J Clin Med. 2025 Jun 11;14(12):4158. doi: 10.3390/jcm14124158.
: Atherothrombosis is a systemic disease that may affect one or more than one vascular bed. Data on the impact of polyvascular disease (PVD) on the long-term prognosis of patients with coronary artery disease (CAD) are still scarce. Aim: To assess the prevalence of symptomatic PVD in a cohort of patients with a new episode of acute coronary syndrome (ACS) and to investigate the impact of multiple vascular beds involvement on long-term outcomes. : We analysed a nationwide, comprehensive administrative database of consecutive patients aged ≥ 40 years admitted for a new episode of ACS in Italy in 2017-2018. Patients with ACS were stratified according to the presence of peripheral artery disease (PAD) only; cerebrovascular disease (CeVD) only; PAD+CeVD; or neither (no PAD/noCeVD, i.e., ACS only). A multivariate Cox proportional hazards model was used to assess the impact of PAD only; CeVD only and PAD+CeVD on 5-year MACCE. : A total of 342,052 patients hospitalised with ACS were identified. Among them, 24,727 (7.2%) were patients with PAD only, 16,887 (4.9%) with CeVD only, and 5810 (1.7%) with PAD+CeVD. After adjusting for age, sex, and comorbidities, the hazard ratio (HR) for 5-year MACCE was 1.37 (95% CI: 1.35-1.40), 1.36 (95% CI: 1.33-1.39), and 1.45 (95% CI: 1.40-1.50) in patients with PAD only, CeVD only, and PAD+CeVD, respectively, compared with patients with ACS only. : In patients with ACS, the involvement of a second vascular bed increases the risk of long-term outcomes; the simultaneous involvement of three vascular beds further increases the risk of long-term outcomes.

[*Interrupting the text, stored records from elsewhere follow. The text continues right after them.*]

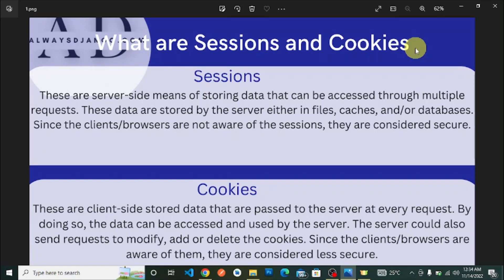First, sessions. These are server-side means of storing data that can be assessed through multiple requests. This data is stored by the server either in files, caches, or a database. Since the client or browsers are not aware of the sessions, they are considered secured. Sessions are the server-side aspect of storing data.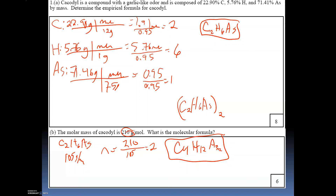I hope this helps you understand the basic steps for figuring out the empirical formula. Remember: when you have fractions, find a common multiplier to get to a whole number. You cannot round unless the value is very close — for example, 6.06 rounds to 6, but 6.33 does not round to 6; you'd multiply by 3. Whatever multiplier you use must be applied to all elements present. More practice makes it easier — thanks for watching.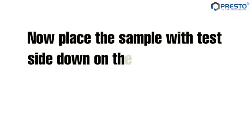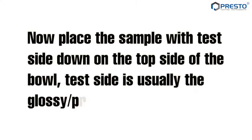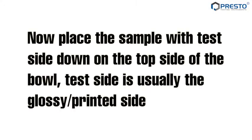Now place the sample with test side down on the top side of the bowl. The test side is usually the glossy or printed side.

动脉粥样硬化血栓形成是一种全身性疾病,可能影响一个或多个血管床。关于多血管疾病(PVD)对冠状动脉疾病(CAD)患者长期预后影响的数据仍然很少。目的:评估急性冠状动脉综合征(ACS)新发患者队列中有症状PVD的患病率,并研究多血管床受累对长期预后的影响。:我们分析了2017 - 2018年意大利全国范围内连续收治的≥40岁ACS新发患者的综合管理数据库。ACS患者仅根据外周动脉疾病(PAD)的存在情况进行分层;仅脑血管疾病(CeVD);PAD + CeVD;或两者都无(无PAD /无CeVD,即仅ACS)。使用多变量Cox比例风险模型评估仅PAD;仅CeVD和PAD + CeVD对5年主要不良心血管和脑血管事件(MACCE)的影响。:共确定了342,052例因ACS住院的患者。其中,仅PAD患者24,727例(7.2%),仅CeVD患者16,887例(4.9%),PAD + CeVD患者5810例(1.7%)。在调整年龄、性别和合并症后,仅PAD、仅CeVD和PAD + CeVD患者5年MACCE的风险比(HR)分别为1.37(95%置信区间:1.35 - 1.40)、1.36(95%置信区间:1.33 - 1.39)和1.45(95%置信区间:1.40 - 1.50),与仅ACS患者相比。:在ACS患者中,第二个血管床受累会增加长期预后风险;三个血管床同时受累会进一步增加长期预后风险。